On Friday, September 7, 2018 7:30:09 AM EDT Osama Elnaggar wrote:
Hi,
I'm working on a custom audispd plugin written in Python 3. It’s a work in
progress and I’ve successfully run it numerous times as an audispd plugin.
However, I sometimes make modifications that result in the audispd plugin
failing and I end up with the following in /var/log/syslog
Sep 6 20:52:05 ubuntu-hypervisor audispd: plugin /usr/bin/python3
terminated unexpectedly
Sep 6 20:52:05 ubuntu-hypervisor audispd: plugin /usr/bin/python3 was
restarted
...
This is repeated several times until audispd gives up and I see the
following message:
Sep 6 20:52:14 ubuntu-hypervisor audispd: plugin /usr/bin/python3 has
exceeded max_restarts
To troubleshoot, I modify my code to read from /var/log/audit/audit.log
instead. I modify a single line (with fileinput.input() to read from
myfile as shown in the commented line below).
Here is the code snippet (a colorized easier to read version is available
here -
https://pastebin.com/84Nxu3Rp):
# let us initialize the AuParser
aup = auparse.AuParser(auparse.AUSOURCE_FEED)
# we initalize the callback to be fn_process_event
aup.add_callback(fn_process_event, None, None)
myfile = "/var/log/audit/audit.log"
while True:
try:
# we read in line by line from stdin
for line in fileinput.input():
#for line in fileinput.input(myfile):
aup.feed(line)
except:
logger.error("Fatal error in while loop", exc_info=True)
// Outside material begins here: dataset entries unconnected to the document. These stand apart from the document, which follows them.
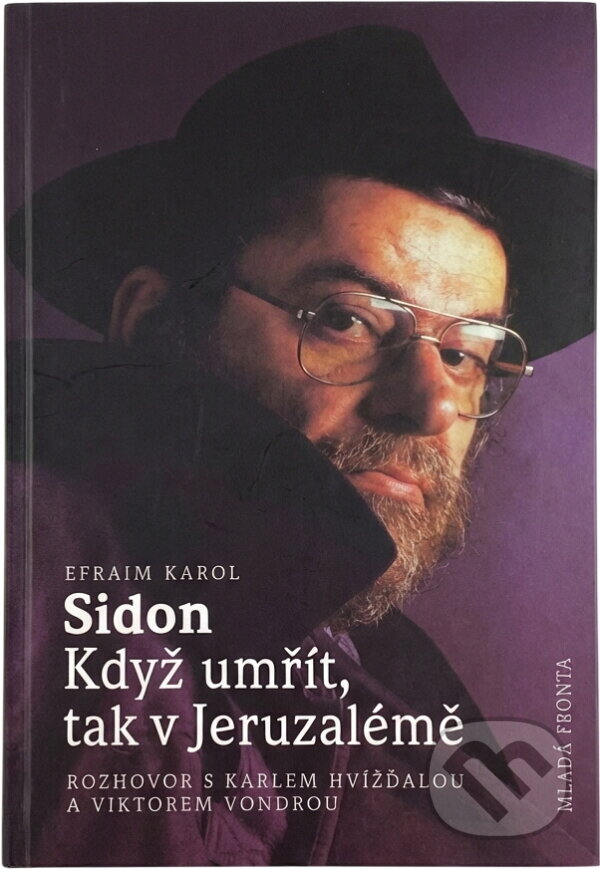 Kniha: Když umřít, tak v Jeruzalémě : rozhovor s Karlem Hvížďalou a Viktorem Vondrou (Karol Sidon). , 1997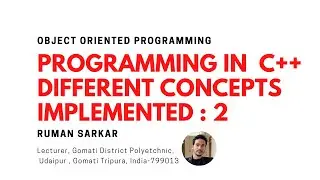 Programming in  C++ I  Different concepts implemented : 2 I Ruman Sarkar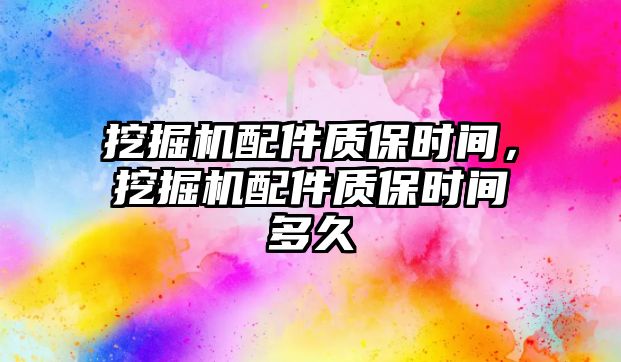 挖掘機配件質(zhì)保時間，挖掘機配件質(zhì)保時間多久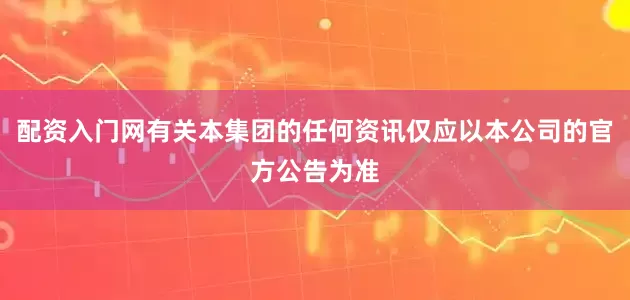 配资入门网有关本集团的任何资讯仅应以本公司的官方公告为准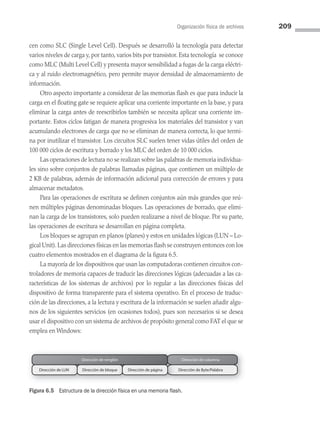 Organización física de archivos 209
Dirección de renglón Dirección de columna
Dirección de LUN Dirección de bloque Dirección de Byte/Palabra
Dirección de página
Figura 6.5 Estructura de la dirección física en una memoria flash.
cen como SLC (Single Level Cell). Después se desarrolló la tecnología para detectar
varios niveles de carga y, por tanto, varios bits por transistor. Esta tecnología se conoce
como MLC (Multi Level Cell) y presenta mayor sensibilidad a fugas de la carga eléctri­
ca y al ruido electromagnético, pero permite mayor densidad de almacenamiento de
información.
Otro aspecto importante a considerar de las memorias flash es que para inducir la
carga en el floating gate se requiere aplicar una corriente importante en la base, y para
eliminar la carga antes de reescribirlos también se necesita aplicar una corriente im­
portante. Estos ciclos fatigan de manera progresiva los materiales del transistor y van
acumulando electrones de carga que no se eliminan de manera correcta, lo que termi­
na por inutilizar el transistor. Los circuitos SLC suelen tener vidas útiles del orden de
100 000 ciclos de escritura y borrado y los MLC del orden de 10 000 ciclos.
Las operaciones de lectura no se realizan sobre las palabras de memoria individua­
les sino sobre conjuntos de palabras llamadas páginas, que contienen un múltiplo de
2 KB de palabras, además de información adicional para corrección de errores y para
almacenar metadatos.
Para las operaciones de escritura se definen conjuntos aún más grandes que reú­
nen múltiples páginas denominadas bloques. Las operaciones de borrado, que elimi­
nan la carga de los transistores, solo pueden realizarse a nivel de bloque. Por su parte,
las operaciones de escritura se desarrollan en página completa.
Los bloques se agrupan en planos (planes) y estos en unidades lógicas (LUN – Lo­
gical Unit). Las direcciones físicas en las memorias flash se construyen entonces con los
cuatro elementos mostrados en el diagrama de la figura 6.5.
La mayoría de los dispositivos que usan las computadoras contienen circuitos con­
troladores de memoria capaces de traducir las direcciones lógicas (adecuadas a las ca­
racterísticas de los sistemas de archivos) por lo regular a las direcciones físicas del
dispositivo de forma transparente para el sistema operativo. En el proceso de traduc­
ción de las direcciones, a la lectura y escritura de la información se suelen añadir algu­
nos de los siguientes servicios (en ocasiones todos), pues son necesarios si se desea
usar el dispositivo con un sistema de archivos de propósito general como FAT el que se
emplea en Windows:
06 Sistemas operativos cap 6.indd 209 9/29/15 1:33 PM
 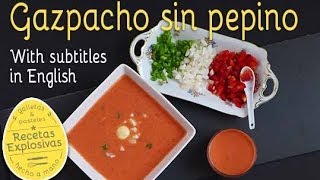 Gazpacho sin pepino  Muy fácil y bien explicado [upl. by Springer905]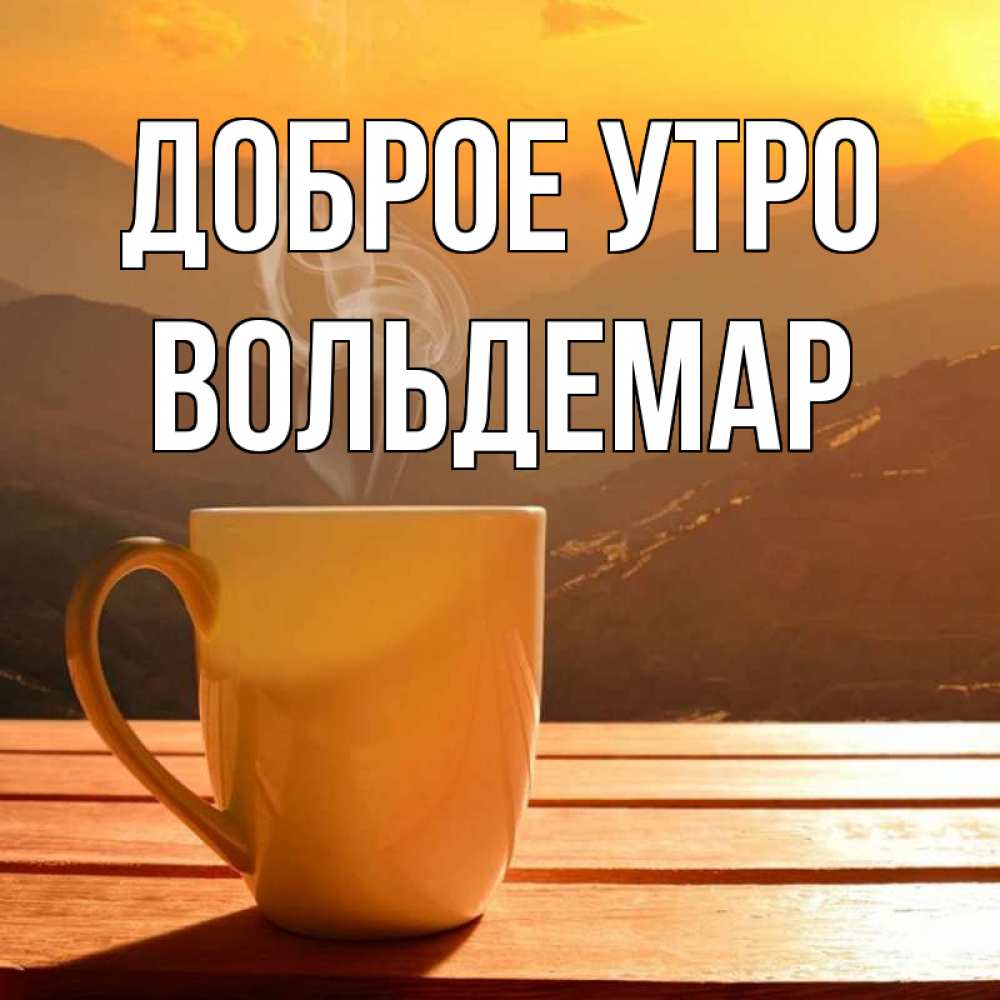 Открытка на каждый день с именем, Вольдемар Доброе утро кофе в горах Прикольная открытка с пожеланием онлайн скачать бесплатно 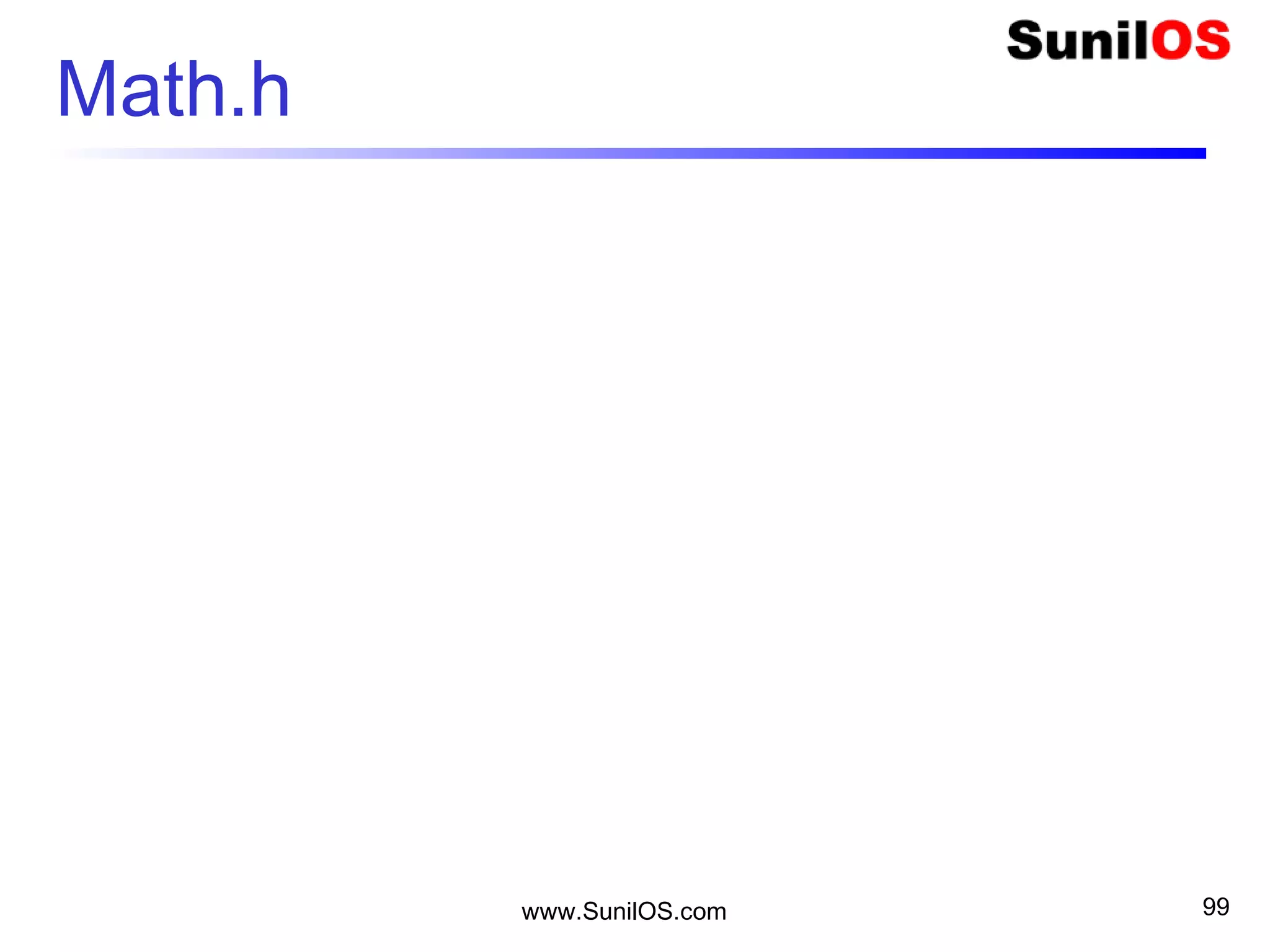 Math.h
www.SunilOS.com 99
 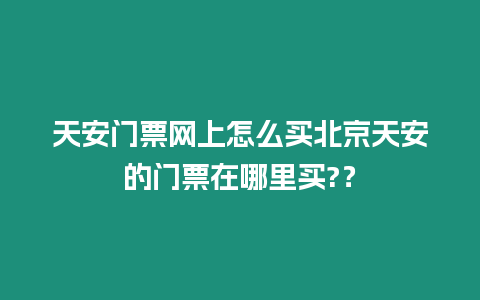 天安門票網上怎么買北京天安的門票在哪里買?？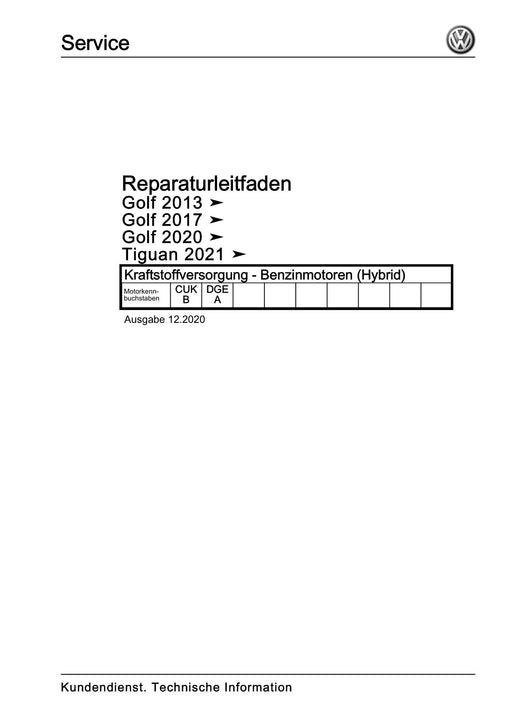 Golf VII (2013+2020)+Golf-Variant-Sportsvan Reparaturanleitung Kraftstoffversorgung - Benzinmotoren (Hybrid)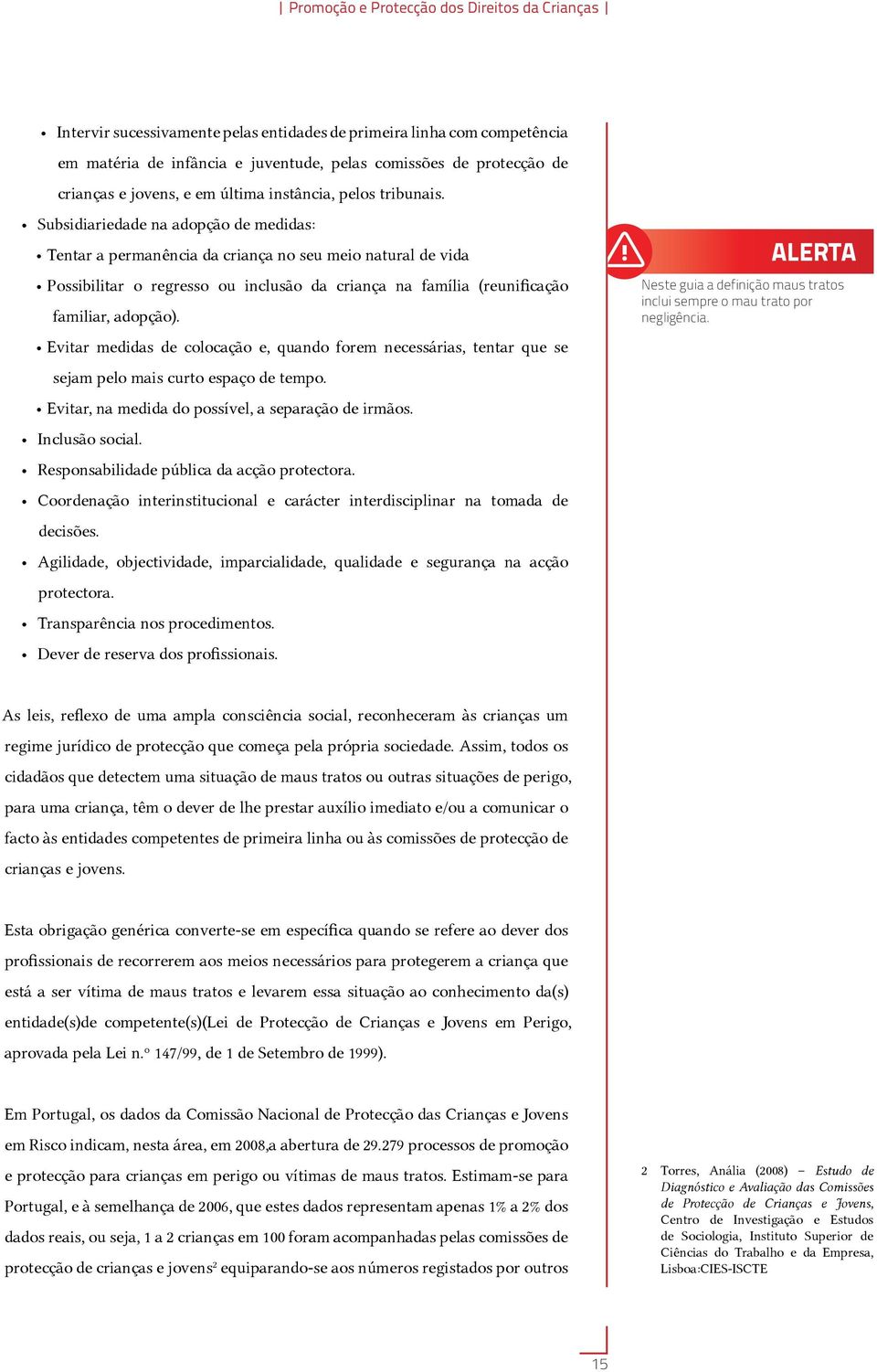 Subsidiariedade na adopção de medidas: Tentar a permanência da criança no seu meio natural de vida Possibilitar o regresso ou inclusão da criança na família (reunificação familiar, adopção).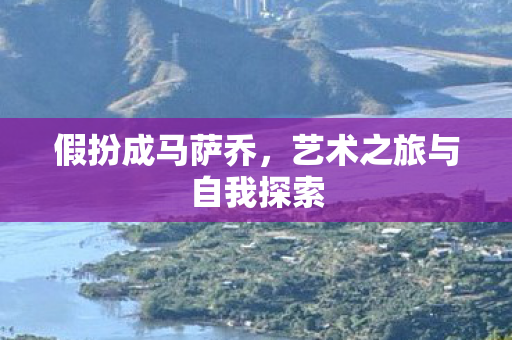 假扮成马萨乔，艺术之旅与自我探索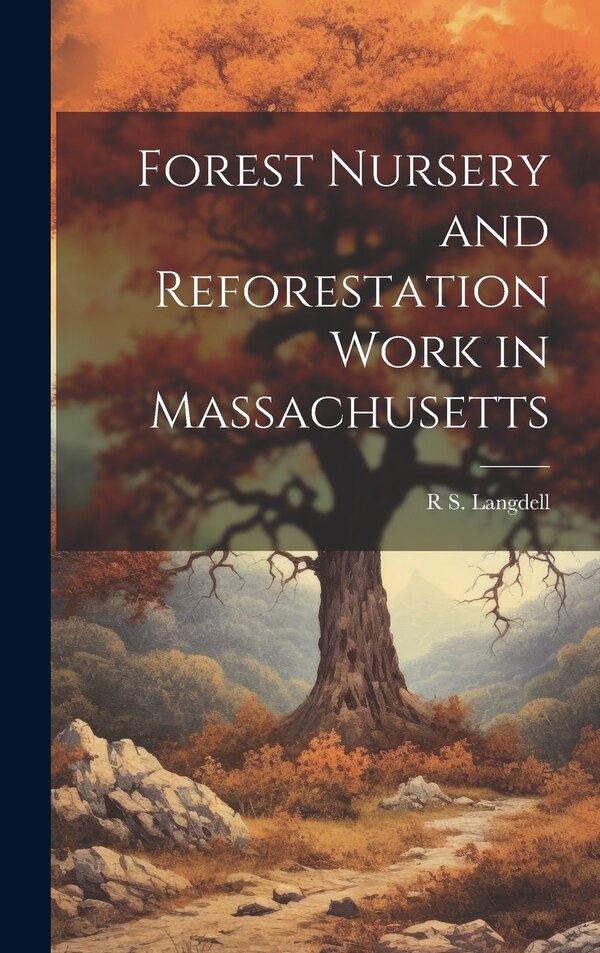 Forest Nursery and Reforestation Work in Massachusetts by R S Langdell, Hardcover | Indigo Chapters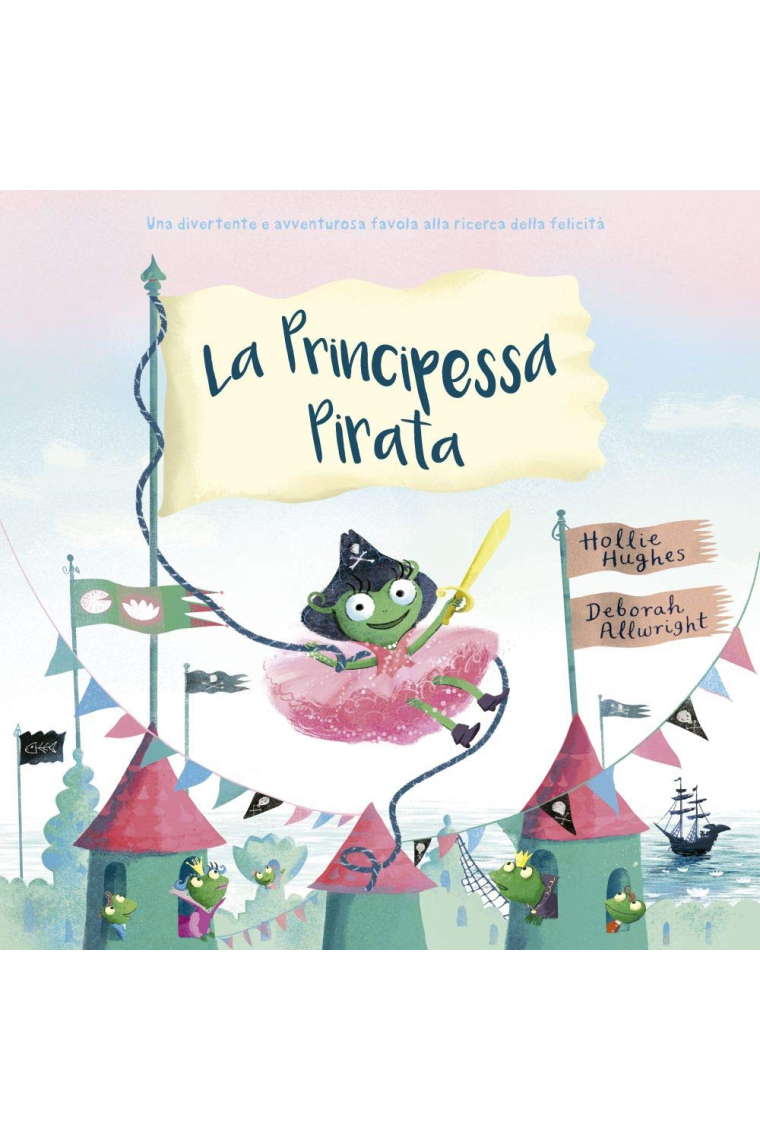 La principessa pirata. Ediz. a colori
# we flush the feed when we quit
aup.flush_feed()
Any suggestions on how to troubleshoot these types of issues when reading
from a file works fine without issue but running it as a plugin fails as
shown in /var/log/syslog? Thanks.
All plugins have a requirement to take events from stdin. As long as it
expects strings (which is the way that auparse wants them), then all you have
to do is:
ausearch --start boot --raw | ./plugin
You can also save raw logs with ausearch and cat them into the plugin. This
is helpful when you get a problem down to a certain series of events and you
don't want to go through a thousand events before the problem sequence.